Synthetic control and unobserved confounders The synthetic control (cohort) method is a very promising approach to causal inference that has been used in a number of interesting studies. It's particularly useful in situations where data are only available in aggregate or there is only one treatment observed. 
In Abadie et al (2015), the authors claim that unobserved, time-varying confounders are essentially control for given an argument based on intuition:
"The intuition of this result is straightforward: Only units that are alike in both observed and unobserved determinants of the outcome variable as well as in the effect of those determinants on the outcome variable should produce similar trajectories of the outcome variable over extended periods of time."

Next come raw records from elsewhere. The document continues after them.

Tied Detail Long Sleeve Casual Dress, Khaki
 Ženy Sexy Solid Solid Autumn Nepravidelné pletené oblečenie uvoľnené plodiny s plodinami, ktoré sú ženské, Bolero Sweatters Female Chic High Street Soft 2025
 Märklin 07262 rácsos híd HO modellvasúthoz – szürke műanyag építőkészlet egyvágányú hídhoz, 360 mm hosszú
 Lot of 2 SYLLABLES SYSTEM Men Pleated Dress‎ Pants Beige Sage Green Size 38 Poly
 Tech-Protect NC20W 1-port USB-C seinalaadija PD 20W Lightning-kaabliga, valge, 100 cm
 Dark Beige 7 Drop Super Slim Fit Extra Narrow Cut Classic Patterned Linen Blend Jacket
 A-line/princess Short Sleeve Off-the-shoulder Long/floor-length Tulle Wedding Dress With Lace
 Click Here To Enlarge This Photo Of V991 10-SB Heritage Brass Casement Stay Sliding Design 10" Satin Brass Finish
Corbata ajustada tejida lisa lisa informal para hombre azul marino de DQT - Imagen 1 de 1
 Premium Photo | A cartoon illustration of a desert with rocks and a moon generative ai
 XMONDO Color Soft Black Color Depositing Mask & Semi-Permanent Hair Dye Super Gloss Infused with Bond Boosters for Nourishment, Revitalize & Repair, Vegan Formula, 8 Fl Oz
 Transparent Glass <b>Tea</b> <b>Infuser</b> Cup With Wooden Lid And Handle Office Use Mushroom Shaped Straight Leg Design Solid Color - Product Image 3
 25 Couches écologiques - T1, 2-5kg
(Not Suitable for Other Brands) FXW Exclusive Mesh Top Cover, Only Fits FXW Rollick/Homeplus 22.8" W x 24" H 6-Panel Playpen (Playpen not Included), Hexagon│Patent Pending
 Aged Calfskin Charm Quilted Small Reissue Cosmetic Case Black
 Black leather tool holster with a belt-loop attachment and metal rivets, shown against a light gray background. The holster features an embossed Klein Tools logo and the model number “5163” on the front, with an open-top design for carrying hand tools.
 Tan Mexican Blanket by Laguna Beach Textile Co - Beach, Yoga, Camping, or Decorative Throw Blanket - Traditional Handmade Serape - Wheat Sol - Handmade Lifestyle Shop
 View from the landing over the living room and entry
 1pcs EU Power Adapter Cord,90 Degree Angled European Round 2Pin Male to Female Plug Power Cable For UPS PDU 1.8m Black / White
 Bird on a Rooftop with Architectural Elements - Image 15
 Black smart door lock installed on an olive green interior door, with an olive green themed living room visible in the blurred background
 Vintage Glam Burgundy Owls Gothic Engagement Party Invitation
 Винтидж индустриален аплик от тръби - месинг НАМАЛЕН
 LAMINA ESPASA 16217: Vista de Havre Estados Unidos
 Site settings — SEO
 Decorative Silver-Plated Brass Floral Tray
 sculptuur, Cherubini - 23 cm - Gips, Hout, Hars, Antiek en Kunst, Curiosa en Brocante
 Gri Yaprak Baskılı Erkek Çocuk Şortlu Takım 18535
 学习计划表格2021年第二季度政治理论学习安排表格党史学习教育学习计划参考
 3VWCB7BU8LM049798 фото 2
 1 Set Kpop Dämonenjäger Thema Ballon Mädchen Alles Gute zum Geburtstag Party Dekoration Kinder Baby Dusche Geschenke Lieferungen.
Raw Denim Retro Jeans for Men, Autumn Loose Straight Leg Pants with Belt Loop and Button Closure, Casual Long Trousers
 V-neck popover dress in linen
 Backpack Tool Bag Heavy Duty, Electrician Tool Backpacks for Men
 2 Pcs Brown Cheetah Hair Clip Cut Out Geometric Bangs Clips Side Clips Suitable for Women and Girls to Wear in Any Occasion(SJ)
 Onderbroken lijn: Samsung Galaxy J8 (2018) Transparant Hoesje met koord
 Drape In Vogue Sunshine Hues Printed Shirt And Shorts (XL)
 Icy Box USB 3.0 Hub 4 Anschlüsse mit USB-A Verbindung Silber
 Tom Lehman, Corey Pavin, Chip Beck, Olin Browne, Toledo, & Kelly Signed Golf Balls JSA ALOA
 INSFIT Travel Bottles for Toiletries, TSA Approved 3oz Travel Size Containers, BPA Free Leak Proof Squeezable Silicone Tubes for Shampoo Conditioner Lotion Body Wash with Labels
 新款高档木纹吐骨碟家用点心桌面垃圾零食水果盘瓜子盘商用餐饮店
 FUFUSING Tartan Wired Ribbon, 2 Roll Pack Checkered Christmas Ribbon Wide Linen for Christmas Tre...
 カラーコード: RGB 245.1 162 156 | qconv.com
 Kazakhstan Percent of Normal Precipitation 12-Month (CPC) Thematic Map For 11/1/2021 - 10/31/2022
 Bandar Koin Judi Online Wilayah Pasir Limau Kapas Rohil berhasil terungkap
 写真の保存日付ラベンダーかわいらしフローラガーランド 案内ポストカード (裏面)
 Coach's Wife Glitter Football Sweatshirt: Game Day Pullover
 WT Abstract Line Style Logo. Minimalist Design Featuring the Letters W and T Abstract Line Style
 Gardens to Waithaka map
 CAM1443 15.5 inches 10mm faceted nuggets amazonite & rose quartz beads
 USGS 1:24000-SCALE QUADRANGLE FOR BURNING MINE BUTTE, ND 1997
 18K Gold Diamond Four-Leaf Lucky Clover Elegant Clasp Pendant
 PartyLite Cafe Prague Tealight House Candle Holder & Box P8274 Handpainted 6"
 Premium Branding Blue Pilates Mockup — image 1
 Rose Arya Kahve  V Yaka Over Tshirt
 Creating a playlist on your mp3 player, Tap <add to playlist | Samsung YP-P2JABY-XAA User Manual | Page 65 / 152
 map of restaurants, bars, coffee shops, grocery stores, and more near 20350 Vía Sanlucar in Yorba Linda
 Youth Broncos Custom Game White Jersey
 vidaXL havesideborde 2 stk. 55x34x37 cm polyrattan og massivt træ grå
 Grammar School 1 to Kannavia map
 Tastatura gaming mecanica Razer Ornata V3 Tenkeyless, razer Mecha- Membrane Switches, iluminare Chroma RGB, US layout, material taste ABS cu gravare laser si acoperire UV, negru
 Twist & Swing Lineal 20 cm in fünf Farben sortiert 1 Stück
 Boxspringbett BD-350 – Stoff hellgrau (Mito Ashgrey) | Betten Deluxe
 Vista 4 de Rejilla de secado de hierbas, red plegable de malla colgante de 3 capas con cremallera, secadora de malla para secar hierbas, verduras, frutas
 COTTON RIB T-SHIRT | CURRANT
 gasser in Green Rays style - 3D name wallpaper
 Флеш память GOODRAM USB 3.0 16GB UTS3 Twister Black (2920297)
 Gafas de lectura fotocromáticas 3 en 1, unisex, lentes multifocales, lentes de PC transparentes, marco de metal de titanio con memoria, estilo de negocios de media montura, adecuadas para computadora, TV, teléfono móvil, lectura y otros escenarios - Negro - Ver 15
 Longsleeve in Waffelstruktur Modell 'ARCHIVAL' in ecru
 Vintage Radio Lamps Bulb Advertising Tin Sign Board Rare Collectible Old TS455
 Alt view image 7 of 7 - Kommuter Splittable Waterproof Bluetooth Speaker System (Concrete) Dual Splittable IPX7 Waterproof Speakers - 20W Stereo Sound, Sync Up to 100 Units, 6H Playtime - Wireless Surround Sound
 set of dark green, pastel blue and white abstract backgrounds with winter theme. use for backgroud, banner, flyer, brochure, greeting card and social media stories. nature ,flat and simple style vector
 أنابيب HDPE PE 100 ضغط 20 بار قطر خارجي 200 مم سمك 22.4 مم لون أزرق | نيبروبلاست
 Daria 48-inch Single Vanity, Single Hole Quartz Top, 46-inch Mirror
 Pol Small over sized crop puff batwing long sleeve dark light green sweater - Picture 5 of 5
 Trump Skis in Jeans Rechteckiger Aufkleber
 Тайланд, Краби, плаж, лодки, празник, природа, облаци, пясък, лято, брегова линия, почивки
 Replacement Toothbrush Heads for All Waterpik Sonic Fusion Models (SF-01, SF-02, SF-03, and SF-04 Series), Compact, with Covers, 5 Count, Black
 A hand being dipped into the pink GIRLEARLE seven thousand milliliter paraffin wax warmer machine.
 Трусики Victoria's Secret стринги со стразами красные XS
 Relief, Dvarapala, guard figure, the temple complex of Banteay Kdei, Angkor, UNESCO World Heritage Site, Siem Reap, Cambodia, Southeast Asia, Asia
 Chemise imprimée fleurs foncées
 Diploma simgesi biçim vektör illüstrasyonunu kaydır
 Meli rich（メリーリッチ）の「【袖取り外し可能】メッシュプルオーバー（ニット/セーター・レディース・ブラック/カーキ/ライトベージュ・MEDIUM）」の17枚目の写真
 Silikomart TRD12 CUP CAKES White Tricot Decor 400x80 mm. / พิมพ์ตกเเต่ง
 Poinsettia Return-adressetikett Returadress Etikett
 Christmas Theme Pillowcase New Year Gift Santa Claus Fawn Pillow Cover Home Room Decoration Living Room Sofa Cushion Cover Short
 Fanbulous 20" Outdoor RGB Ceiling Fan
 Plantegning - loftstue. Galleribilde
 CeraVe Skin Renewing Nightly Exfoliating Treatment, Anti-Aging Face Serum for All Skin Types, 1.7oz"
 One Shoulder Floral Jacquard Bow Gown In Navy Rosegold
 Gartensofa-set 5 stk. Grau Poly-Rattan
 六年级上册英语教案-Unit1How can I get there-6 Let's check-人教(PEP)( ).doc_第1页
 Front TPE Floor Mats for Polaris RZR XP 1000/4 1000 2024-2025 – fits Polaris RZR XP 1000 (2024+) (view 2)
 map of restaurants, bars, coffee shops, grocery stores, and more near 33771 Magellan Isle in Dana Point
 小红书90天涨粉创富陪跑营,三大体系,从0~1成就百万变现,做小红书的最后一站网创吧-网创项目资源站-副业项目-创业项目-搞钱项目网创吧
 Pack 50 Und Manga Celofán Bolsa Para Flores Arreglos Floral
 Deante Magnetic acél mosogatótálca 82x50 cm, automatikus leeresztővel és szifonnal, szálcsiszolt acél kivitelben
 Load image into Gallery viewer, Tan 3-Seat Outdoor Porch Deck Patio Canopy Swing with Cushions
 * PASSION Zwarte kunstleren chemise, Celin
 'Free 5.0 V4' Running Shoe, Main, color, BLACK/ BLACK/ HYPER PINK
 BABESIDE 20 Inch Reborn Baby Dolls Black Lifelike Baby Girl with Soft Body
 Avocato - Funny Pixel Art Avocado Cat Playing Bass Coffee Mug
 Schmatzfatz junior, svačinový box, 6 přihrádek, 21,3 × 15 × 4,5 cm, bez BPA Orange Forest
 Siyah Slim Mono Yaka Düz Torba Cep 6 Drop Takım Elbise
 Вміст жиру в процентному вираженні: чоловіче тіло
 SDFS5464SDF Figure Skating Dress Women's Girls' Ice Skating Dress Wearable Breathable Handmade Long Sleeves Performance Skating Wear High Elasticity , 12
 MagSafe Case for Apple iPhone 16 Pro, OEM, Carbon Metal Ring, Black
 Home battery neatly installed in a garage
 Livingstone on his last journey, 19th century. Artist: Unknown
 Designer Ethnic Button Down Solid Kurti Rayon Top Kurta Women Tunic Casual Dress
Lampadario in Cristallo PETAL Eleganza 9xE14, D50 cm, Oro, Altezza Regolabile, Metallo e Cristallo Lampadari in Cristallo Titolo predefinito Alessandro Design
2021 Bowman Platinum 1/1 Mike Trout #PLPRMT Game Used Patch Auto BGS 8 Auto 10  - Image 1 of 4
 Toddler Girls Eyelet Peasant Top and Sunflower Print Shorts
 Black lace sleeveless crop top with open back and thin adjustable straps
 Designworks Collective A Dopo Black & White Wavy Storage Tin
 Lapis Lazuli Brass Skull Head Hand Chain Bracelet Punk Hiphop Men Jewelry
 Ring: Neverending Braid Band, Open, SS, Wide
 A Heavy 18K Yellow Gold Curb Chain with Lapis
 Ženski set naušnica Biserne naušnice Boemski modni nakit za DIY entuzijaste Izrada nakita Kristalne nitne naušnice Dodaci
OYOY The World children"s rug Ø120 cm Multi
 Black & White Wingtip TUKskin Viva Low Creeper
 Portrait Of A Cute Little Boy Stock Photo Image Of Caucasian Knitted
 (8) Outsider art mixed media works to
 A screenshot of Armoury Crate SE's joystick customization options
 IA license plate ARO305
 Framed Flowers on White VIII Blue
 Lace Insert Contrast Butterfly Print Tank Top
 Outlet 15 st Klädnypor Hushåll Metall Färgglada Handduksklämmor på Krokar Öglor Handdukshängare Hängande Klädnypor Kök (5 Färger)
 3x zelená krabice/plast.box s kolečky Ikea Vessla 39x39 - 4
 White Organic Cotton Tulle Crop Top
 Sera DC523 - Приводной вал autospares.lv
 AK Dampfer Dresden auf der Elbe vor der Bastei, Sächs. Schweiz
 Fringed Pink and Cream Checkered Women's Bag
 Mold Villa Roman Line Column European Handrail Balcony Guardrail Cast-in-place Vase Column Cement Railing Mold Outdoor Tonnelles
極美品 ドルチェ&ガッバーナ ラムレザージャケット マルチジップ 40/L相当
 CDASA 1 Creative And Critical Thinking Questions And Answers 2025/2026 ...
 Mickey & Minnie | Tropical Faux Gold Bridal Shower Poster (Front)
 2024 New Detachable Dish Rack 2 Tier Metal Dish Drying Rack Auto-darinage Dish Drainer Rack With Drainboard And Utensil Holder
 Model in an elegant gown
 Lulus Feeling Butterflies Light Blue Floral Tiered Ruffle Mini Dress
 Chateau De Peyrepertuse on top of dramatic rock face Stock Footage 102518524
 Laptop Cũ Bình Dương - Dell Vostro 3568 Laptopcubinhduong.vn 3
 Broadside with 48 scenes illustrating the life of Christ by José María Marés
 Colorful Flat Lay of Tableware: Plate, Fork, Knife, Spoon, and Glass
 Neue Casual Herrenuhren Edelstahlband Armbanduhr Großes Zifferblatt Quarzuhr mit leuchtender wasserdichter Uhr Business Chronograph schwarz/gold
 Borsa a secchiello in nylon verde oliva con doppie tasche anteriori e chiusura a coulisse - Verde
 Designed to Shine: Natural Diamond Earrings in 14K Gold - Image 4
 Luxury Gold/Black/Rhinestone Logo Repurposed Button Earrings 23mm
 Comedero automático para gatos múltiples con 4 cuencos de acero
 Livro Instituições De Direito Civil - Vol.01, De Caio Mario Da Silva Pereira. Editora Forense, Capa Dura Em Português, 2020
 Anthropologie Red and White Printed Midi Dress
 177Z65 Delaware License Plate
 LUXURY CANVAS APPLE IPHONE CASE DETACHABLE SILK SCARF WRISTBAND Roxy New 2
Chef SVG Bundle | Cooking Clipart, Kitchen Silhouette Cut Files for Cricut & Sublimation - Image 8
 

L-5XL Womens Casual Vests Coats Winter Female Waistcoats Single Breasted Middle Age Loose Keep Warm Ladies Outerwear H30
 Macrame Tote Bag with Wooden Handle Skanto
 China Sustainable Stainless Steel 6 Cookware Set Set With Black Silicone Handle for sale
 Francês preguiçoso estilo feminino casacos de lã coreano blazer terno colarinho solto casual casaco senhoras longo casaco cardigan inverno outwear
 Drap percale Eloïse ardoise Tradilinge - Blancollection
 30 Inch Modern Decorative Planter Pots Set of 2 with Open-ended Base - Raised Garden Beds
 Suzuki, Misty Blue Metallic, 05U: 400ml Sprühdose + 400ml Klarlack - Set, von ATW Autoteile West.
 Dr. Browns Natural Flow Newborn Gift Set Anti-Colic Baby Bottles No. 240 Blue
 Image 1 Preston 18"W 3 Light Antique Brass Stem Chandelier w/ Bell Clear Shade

I buy this argument but I'd like to see a firmer exposition of why this is the case. If one selects on pre-treatment trends in outcomes and observed factors relevant in driving outcomes, how does the synthetic control method control for both unobserved AND time-varying variables that may also influence outcomes?
 A: Great question. The technicalities are probably buried in the appendices of Abadie et al. 2010, Synthetic Control Methods for Comparative Case Studies: Estimating the Effect of California’s Tobacco Control Program. Journal of the American statistical Association 105.490 (2010): 493-505.
However, there is a recent and simpler to read paper by Xu [1] that generalizes the synthetic control method. It has two central assumptions:
Assumption 1:
$$Y_{it} = \delta_{it}D_{it} + x'_{it}\beta + \lambda'_if_t + \epsilon_{it}  $$
and (part of) assumption 2:
$$ \epsilon_{it} \perp D_{js}|x_{js}, \lambda_j, f_s $$
The unobserved confounders are $\lambda'_if_t$ and $\epsilon_{it}$. We need to assume that the treatment is independent from $\epsilon_{it}$, which are unobserved confounders that vary across time and across units. This is similar to standard panel models.
However, the argument goes that with the synthetic control method we do not need to assume that treatment is independent from $\lambda'_if_t$, and that the latter can capture "a wide range" of variables that with standard panel models would be contained in $\epsilon_{it}$. Xu 2017 (p. 62) gives the following example (I've added the corresponding symbols):

Suppose a law is passed in a state because the public opinion in that
  state becomes more liberal. Because changing ideologies are often cross-sectionally correlated across states, a latent factor [$f_t$] may be able to capture shifting ideology at the national level; the national shifts may have a larger impact on a state that has a tradition of mass liberalism or has a higher proportion of manufacturing workers than a state that is historically conservative [$\lambda'_i$]. Controlling for this unobserved confounder, therefore, can alleviate the concern that the passage of the law is endogenous to changing ideology of a state’s constituents to a great extent.

[1] Xu, Y. (2017). Generalized Synthetic Control Method: Causal Inference with Interactive Fixed Effects Models. Political Analysis, 25(1), 57-76.